Submitted to: Journal of Food Protection
Publication Type: Peer Reviewed Journal
Publication Acceptance Date: August 20, 2004
Publication Date: January 5, 2005
Citation: Gehring, A.G., Tu, S. 2005. Enzyme-linked immunomagnetic electrochemical detection of live escherichia coli 0157:h7 in apple juice. Journal of Food Protection. 2005. p.146-149. Interpretive Summary: Current methods for detecting bacteria are too time consuming to be used for routine testing of many food products. A novel method, termed enzyme-linked immunomagnetic electrochemistry (ELIME), is being developed to quickly detect pathogenic bacteria in less than one and a half hours. In the ELIME technique, small magnetic particles that are coated with antibodies (similar to those found in our bodies that fight diseases) specifically bind targeted bacteria in a solution. A magnetized electrochemical sensor is then placed in the solution, causing the bacteria associated particles to adhere tightly to its surface. The other components of the sample are washed off, and reagents are added which produce a chemical reaction with the captured bacteria. An instrument connected to the sensor subsequently produces a signal proportional to the number of bacteria present. This technique was demonstrated to detect about 5,000 live Escherichia coli O157:H7 bacteria in one milliliter of apple juice. When fully developed, this technology will help food producers and processors to reduce foodborne illnesses caused by pathogens by permitting rapid on site testing for bacterial contamination.
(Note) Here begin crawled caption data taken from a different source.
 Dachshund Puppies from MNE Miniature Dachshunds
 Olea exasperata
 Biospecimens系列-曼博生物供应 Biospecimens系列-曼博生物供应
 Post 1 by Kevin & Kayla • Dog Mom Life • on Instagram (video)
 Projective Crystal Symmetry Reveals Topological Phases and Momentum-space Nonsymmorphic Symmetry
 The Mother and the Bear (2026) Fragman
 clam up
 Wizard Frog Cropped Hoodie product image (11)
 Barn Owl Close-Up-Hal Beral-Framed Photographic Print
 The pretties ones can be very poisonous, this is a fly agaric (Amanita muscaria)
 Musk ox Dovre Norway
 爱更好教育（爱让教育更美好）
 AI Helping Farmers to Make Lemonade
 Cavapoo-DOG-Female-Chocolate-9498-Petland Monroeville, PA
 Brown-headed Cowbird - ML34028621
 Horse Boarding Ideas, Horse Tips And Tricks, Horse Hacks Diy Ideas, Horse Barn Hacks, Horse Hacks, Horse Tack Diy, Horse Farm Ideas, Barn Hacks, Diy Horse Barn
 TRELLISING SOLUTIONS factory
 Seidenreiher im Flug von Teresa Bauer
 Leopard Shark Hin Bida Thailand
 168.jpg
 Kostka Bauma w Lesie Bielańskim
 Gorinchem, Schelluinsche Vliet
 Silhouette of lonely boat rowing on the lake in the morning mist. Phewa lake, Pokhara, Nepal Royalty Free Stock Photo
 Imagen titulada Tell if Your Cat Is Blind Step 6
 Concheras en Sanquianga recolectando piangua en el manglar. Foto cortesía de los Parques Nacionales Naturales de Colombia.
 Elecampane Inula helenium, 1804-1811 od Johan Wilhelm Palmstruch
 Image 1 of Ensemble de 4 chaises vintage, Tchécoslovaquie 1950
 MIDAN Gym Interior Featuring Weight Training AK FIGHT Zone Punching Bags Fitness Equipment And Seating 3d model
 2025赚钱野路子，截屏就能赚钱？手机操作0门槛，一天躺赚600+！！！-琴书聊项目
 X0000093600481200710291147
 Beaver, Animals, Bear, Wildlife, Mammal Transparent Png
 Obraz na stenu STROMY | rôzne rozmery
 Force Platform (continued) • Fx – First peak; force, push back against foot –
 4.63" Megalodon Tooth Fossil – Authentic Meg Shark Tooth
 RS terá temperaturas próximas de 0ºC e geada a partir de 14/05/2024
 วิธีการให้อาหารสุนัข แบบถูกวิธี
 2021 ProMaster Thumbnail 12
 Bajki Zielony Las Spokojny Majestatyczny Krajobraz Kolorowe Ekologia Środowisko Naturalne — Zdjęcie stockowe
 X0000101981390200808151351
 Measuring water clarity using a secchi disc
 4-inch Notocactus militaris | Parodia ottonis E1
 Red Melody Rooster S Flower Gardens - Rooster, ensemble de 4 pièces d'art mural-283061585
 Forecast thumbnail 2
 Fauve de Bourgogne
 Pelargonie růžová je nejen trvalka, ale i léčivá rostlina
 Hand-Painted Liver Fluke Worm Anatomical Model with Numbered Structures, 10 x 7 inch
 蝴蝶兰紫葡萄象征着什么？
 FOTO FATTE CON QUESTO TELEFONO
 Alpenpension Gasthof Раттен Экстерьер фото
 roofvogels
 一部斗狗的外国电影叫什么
Technical Abstract: We describe the application of enzyme-linked immunomagnetic electrochemistry (ELIME) for the rapid detection of Escherichia coli O157:H7 in buffered apple juice. The ELIME technique entails “sandwiching” bacterial analyte between antibody-coated magnetic beads and an alkaline phosphatase-conjugated antibody. The beads (with or without bound bacteria) were localized onto the surface of magnetized graphite ink electrodes in a multi-well plate format. The enzyme substrate, 1-naphthyl phosphate, was added and conversion of substrate to an electroactive product was measured using electrochemical detection. Using this technique, detection of whole, live E. coli O157:H7 bacterial cells was achieved with a minimum detectable level of ca. 5 x 103 cells/ml in Tris-buffered saline or buffered apple juice in an assay time of ca. 80 min. With adjustment of pH, the ELIME response for the bacteria in either sampling medium was similar therefore indicating that apple juice components did not contribute to any discernible sample matrix effects.